As a matter of fact, you are merely observing the same idea from different points of view, which are illumined by the successive phases of the transformed formula. All that algebra unfolds for our benefit was contained in the definition of the cone, but it was contained as a germ, under latent forms which the magic of the calculus converts into explicit forms. The gross value which our mind confided to the equation it returns to us, without loss or gain, in coins stamped with every sort of effigy. And here precisely is that which constitutes the inflexible rigour of the calculus, the luminous certainty before which every cultivated mind is forced to bow. Algebra is the oracle of the absolute truth, because it reveals nothing but what the mind had hidden in it under an amalgam of symbols. We put 2 and 2 into the machine; the rollers work and show us 4. That is all.
But to this calculus, all-powerful so long as it does not leave the domain of the ideal, let us submit a very modest reality: the fall of a grain of sand, the pendular movement of a hanging body.
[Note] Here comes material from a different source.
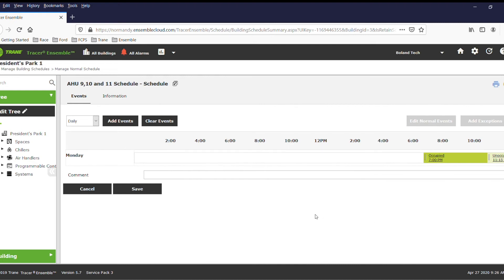Once you've edited the events, you can then click save, and that will maintain that schedule as long as the event is in place.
The machine no longer works, or does so only by suppressing almost everything that is real. It must have an ideal material point, an ideal rigid thread, an ideal point of suspension; and then the pendular movement is translated by a formula. But the problem defies all the artifices of analysis if the oscillating body is a real body, endowed with volume and friction; if the suspensory thread is a real thread, endowed with weight and flexibility; if the point of support is a real point, endowed with resistance and capable of deflection. So with other problems, however simple. The exact reality escapes the formula.
Yes, it would be a fine thing to put the world into an equation, to assume as the first principle a cell filled with albumen and by transformation after transformation to discover life under its thousand aspects as the geometrician discovers the ellipse and the other curves by examining his conic section. Yes, it would be magnificent and enough to add a cubit to our stature. Alas, how greatly must we abate our pretensions! The reality is beyond our reach when it is only a matter of following a grain of dust in its fall; and we would undertake to ascend the river of life and trace it to its source! The problem is a more arduous one than that which algebra declines to solve. There are formidable unknown quantities here, more difficult to decipher than the resistances, the deflections and the frictions of the pendulum. Let us eliminate them, that we may more easily propound the theory.
Very well; but then my confidence in this natural history which repudiates nature and gives ideal conceptions precedence over real facts is shaken. So, without seeking the opportunity, which is not my business, I take it when it presents itself; I examine the theory of evolution from every side; and, as that which I have been assured is the majestic dome of a monument capable of defying the ages appears to me to be no more than a bladder, I irreverently dig my pin into it.